My camera, bless its lens, light meter, and motherboard, was a Canon Powershot G15. It doesn’t look like much but its body is metal, not plastic, and it is manufactured in Japan. Only a couple times did I want a telephoto, but not enough to lug around a big single-lens reflex camera like I did last time (a metal-body Nikon, plus wide angle and telephoto lenses). I found that the G15 could get me reasonably close and then, after editing and because of high pixel count, I could crop and zoom to get the close-ups I wanted. There’s already a G16 on the market, and I would buy this model again.

These acknowledgements started out with a personal touch and that’s how they will wind up.

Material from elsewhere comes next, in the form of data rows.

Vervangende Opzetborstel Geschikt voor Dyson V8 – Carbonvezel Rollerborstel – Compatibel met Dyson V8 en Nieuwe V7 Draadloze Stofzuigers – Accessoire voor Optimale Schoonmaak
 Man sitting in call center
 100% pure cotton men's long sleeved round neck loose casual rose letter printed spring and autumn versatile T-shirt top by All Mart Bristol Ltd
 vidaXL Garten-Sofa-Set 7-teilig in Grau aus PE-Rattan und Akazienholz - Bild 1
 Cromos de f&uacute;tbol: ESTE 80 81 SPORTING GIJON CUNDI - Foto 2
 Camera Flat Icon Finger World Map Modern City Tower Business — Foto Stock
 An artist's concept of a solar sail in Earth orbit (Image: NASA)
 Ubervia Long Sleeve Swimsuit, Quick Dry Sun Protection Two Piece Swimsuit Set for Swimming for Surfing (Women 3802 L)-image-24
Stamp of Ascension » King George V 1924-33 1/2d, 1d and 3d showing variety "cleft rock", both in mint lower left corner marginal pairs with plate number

All the friends, colleagues, and even strangers who took time to communicate and express support for this endeavor meant a great deal to me when traveling solo. Although I rarely felt lonely, there were many occasions when I would have enjoyed a face-to-face conversation at dinner or breakfast to recount stories and discoveries, or just to swap information or bitch about this or that. Being in email contact with folks near and far was always inspiring (even when unhappy news arrived) and much appreciated. Sincerely yours…


Finally, a big bow to my son, Max, for taking time out of his busy media-driven life in Tokyo to come into “deep Asia” and spend a week with me in Nepal. Without him, it’s unlikely I would have done the paragliding adventure, which remains among the top five discoveries of the trip.

The fact that we got along so well is also a marvelous and deeply appreciated gift that I will never forget. With any luck, we will try again to be in Nepal together within the next five years, and take a trek along that ridge leading to the high valleys near Machapuchare Himal.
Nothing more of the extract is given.